According to US Secretary of War Henry Stimson, the “most shocking single event” of World War II was not the Japanese attack on Pearl Harbor, but rather the fall of France in spring 1940. Michael Neiberg offers a dramatic history of the American response―a policy marked by panic and moral ineptitude, which placed the United States in league with fascism and nearly ruined the alliance with Britain.
The successful Nazi invasion of France destabilized American planners’ strategic assumptions. At home, the result was huge increases in defense spending, the advent of peacetime military conscription, and domestic spying to weed out potential fifth columnists. Abroad, the United States decided to work with Vichy France despite its pro-Nazi tendencies. The US–Vichy partnership, intended to buy time and temper the flames of war in Europe, severely strained Anglo–American relations. American leaders naively believed that they could woo men like Philippe Pétain, preventing France from becoming a formal German ally. The British, however, understood that Vichy was subservient to Nazi Germany and instead supported resistance figures such as Charles de Gaulle. After the war, the choice to back Vichy tainted US–French relations for decades.

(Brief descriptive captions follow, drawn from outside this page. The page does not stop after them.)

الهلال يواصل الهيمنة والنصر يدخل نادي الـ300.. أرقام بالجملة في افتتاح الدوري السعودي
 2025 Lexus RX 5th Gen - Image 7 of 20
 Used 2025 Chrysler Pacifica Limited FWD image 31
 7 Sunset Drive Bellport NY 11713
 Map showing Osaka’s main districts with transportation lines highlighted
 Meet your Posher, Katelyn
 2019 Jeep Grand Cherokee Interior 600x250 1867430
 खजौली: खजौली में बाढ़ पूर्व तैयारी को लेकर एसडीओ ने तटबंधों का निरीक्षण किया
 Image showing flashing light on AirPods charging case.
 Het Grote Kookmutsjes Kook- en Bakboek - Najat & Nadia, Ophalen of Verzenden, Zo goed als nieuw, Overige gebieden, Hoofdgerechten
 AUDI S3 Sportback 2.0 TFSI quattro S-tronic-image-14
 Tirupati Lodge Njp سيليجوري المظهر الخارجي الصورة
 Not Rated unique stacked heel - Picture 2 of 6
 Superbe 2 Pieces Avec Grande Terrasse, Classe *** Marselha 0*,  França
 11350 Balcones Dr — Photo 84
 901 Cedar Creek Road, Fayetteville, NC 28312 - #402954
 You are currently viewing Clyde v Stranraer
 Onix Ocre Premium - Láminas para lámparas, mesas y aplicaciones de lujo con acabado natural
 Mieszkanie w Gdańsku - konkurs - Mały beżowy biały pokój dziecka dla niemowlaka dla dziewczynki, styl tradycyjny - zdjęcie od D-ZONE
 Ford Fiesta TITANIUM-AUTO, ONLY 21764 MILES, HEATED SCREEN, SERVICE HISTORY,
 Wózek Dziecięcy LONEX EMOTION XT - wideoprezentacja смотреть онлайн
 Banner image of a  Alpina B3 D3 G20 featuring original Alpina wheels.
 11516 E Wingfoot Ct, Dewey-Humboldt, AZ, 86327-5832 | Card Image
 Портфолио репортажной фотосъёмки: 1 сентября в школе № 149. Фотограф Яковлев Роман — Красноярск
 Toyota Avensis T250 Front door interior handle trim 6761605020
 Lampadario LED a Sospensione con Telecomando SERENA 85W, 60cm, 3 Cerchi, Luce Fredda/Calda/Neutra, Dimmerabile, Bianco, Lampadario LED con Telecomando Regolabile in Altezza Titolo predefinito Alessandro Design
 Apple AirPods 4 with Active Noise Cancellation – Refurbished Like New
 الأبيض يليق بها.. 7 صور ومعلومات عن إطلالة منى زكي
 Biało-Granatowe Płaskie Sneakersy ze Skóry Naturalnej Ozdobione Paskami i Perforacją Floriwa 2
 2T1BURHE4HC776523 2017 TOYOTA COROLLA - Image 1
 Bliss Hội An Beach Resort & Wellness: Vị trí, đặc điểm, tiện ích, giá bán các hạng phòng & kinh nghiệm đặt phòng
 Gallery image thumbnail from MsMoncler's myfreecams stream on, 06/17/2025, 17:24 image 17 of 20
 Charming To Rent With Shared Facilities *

Our collective memory of World War II as a period of American strength overlooks the desperation and faulty decision making that drove US policy from 1940 to 1943. Tracing the key diplomatic and strategic moves of these formative years, When France Fell gives us a more nuanced and complete understanding of the war and of the global position the United States would occupy afterward.
About the author:
Dr. Michael S. Neiberg is Professor of History and Chair of War Studies at the United States Army War College in Carlisle, Pennsylvania. His published work specializes on the First and Second World Wars in global context. The Wall Street Journal named his Dance of the Furies: Europe and the Outbreak of World War I (Harvard University Press, 2011) one of the five best books ever written about that war. His latest book is When France Fell: The Vichy Crisis and the Fate of the Anglo-American Relationship (Harvard University Press, 2021). In 2017 he was awarded the Médaille d'Or du Rayonnement Culturel from La Renaissance Française, an organization founded by French President Raymond Poincaré in 1915 to keep French culture alive during the First World War.